Liebestod
"Liebestod" ([ˈliːbəsˌtoːt] German for "love death") is the title of the final, dramatic music from the 1859 opera Tristan und Isolde by Richard Wagner. When used as a literary term, liebestod (from German Liebe, love and Tod, death) refers to the theme of erotic death or "love death" meaning the two lovers' consummation of their love in death or after death. Other two-sided examples include Pyramus and Thisbe, Romeo and Juliet, and to some degree Wuthering Heights. One-sided examples are Porphyria's Lover and The Sorrows of Young Werther. The joint suicide of Heinrich von Kleist and lover Henriette Vogel is often associated with the Liebestod theme.
The aria is the climactic end of the opera as Isolde sings over Tristan's dead body.
Partial text
Mild und leise |
Softly and gently |
In popular culture
- "Liebestod, Liebestod, Liebestod" is the choral refrain of the song "Love, You Came to Me" from the 1969 Off-Broadway musical The Last Sweet Days of Isaac, by Gretchen Cryer and Nancy Ford. The song is sung by a man and woman stuck in an elevator, as they prepare to make love, believing that they will soon die.[1]
- Mild und leise is also the title of an 18-minute synthesized composition by Paul Lansky, made in 1973 on an IBM 360 mainframe and based on harmonic inversions of the Tristan chord, which was made famous by Wagner's opera. Parts of it became the foundation for Radiohead's song "Idioteque". [2]
- Liebestod is one of the scenes in the 1987 film Aria, featuring a young man (James Mathers) and woman (Bridget Fonda in her first credited film role) who drive to Las Vegas to have sex and then commit suicide together.
- In "Demimonde," episode 4 of season 1 of Showtime's Penny Dreadful, Dorian Gray plays this on a gramophone for his guest Ethan Chandler, telling him that it is the only cylinder in his collection that he is not yet bored of.
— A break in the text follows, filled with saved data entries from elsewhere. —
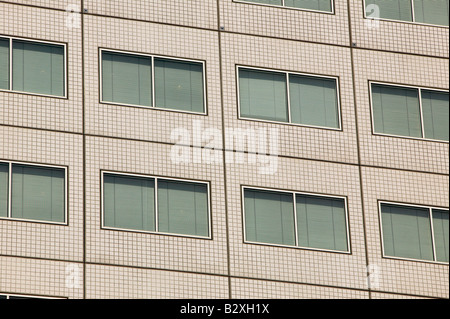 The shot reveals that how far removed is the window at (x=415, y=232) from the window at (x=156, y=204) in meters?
4.74

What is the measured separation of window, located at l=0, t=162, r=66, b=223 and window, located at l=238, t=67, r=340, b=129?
524 centimetres

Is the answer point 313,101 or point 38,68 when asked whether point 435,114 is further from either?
point 38,68

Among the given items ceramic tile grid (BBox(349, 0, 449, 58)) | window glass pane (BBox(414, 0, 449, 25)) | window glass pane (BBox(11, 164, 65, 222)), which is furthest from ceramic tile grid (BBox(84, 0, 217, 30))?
window glass pane (BBox(414, 0, 449, 25))

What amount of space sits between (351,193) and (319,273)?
Result: 240cm

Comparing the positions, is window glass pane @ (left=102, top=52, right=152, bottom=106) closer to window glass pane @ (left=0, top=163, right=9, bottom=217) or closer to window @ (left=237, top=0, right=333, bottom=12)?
window glass pane @ (left=0, top=163, right=9, bottom=217)

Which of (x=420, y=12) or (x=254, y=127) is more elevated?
(x=420, y=12)

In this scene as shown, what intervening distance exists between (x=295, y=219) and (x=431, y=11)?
297 inches

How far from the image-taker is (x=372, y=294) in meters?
32.5

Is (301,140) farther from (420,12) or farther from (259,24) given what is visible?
(420,12)

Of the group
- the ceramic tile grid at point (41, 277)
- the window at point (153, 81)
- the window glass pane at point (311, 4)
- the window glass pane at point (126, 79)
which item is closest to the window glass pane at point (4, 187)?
the ceramic tile grid at point (41, 277)

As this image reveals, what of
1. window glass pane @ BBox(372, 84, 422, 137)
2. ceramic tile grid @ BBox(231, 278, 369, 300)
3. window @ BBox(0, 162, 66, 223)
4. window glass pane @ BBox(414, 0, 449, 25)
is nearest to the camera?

- In Baz Luhrmann's 1996 Shakespeare adaptation, Romeo + Juliet, the opera version of Isolde's Liebestod is the background music played shortly after the death of Juliet (Claire Danes), who shoots herself in the head with Romeo's (Leonardo Dicaprio) handgun after watching him ingest poison and die himself; it continues to play during a flashback montage of their relationship during the film, as the camera pans away from the bodies of the dead lovers who are left in each other's arms.
References
Notes
- ↑ Cryer, Gretchen (book and lyrics) and Ford, Nancy (music). The Last Sweet Days of Isaac. New York; Samuel French, 1969.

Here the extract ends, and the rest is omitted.